Reporting activities have increased, as C-suites, Boards, and even regulators demand more frequent updates and projections. To provide more informed forward-looking estimates, CFOs will need to take into account the impact of the stimulus package and the uncertainty associated with the pandemic trajectory, especially in areas such as capital, liquidity, and asset quality. Boards and management teams have begun to ask many more “what if” questions. Scenario analysis is therefore critical as finance needs to be able to understand impact of different business initiatives, taking into consideration the macro conditions, as well as the changing consumer needs. Banks have increasingly realized that bringing scenario planning to life requires integrated, flexible, and dynamic enterprise-level planning and governance tools and capabilities given that they have very disparate systems and data sources.
Rethink the Future of Work
While banking services are regarded as essential service, more than 70% of banking staffs worked from home during the MCO. This arrangement was deemed impossible only few months back but is now being considered as a permanent option for certain staffs or function.
The marked shift towards digitalisation is an opportunity for CFOs to rethink the ways their finance team and the rest of the organisation pair humans and emerging technologies, such as artificial intelligence, and approach them not as a substitute for human skills, but as a means to augment them. This view can enable organisations to streamline costs while enhancing value creation by the workforce.
Increase risk and cyber resilience
With COVID-19, certain key accounting and disclosure considerations may arise both in the short and long-term. Impairment testing for financial assets using the expected credit loss (ECL) Model, in particular, emerged as one particular area of concern among CFOs.

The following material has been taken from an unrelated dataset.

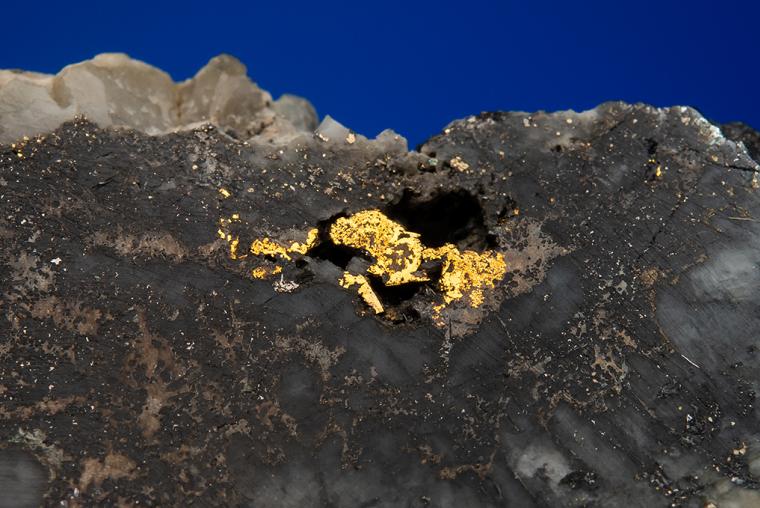 GOLD with HESSITE, PETZITE and PYRITE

Liquidity and credit risks are perennial top-of mind issues for CFOs especially when taking into consideration the impact of BNM’s loan moratorium. While banks are given ample time to rebuild their liquidity buffers until 30 September 2021, it is important that they perform comprehensive stress testing and scenario analysis to assess its vulnerability to different stress scenarios. CFOs also need to consider optimisation of risk-weighted assets, setting up early warning systems as well as reviewing the current capital and liquidity contingency menu of options and refining the available recovery indicators.
With most CFO’s recognition that cyber security risks are magnified during a crisis and its aftermath, they will need to review their business continuity programmes, pandemic scenarios, and management practices and ensure that they are defensible and aligned with the applicable cyber security and privacy requirements, fiduciary duties, and industry expectations – even in a remote setting.
Restructure to stay relevant and seize M&A opportunities
Given the emergence of new consumer behaviours and increased e-commerce uptake during the pandemic, the consumer sector is one industry that is expected to witness increased M&A activity. This, in turn, could also have spill-over effects on other financial service players such as payment platforms and other FinTech players. CFOs should consider strategies to collaborate or acquire nimble Fintech players to safeguard existing markets, accelerate recovery, and position themselves as market leaders.
In the long haul, the above priorities for the CFO will be critical as they are expected to play greater roles as strategists and catalysts for their respective organisations, partnering with the CEO on big picture issues and charting the way forward.
The views and opinions expressed in this article are those of the authors (Deloitte Southeast Asia’s Consulting Executive Director, Timothy Ho, Deloitte Malaysia’s Consulting Executive Director, Cheng Yen Chu, and Deloitte Singapore’s Audit & Assurance Partner, Joshua Yan), and do not necessarily reflect the view of Deloitte.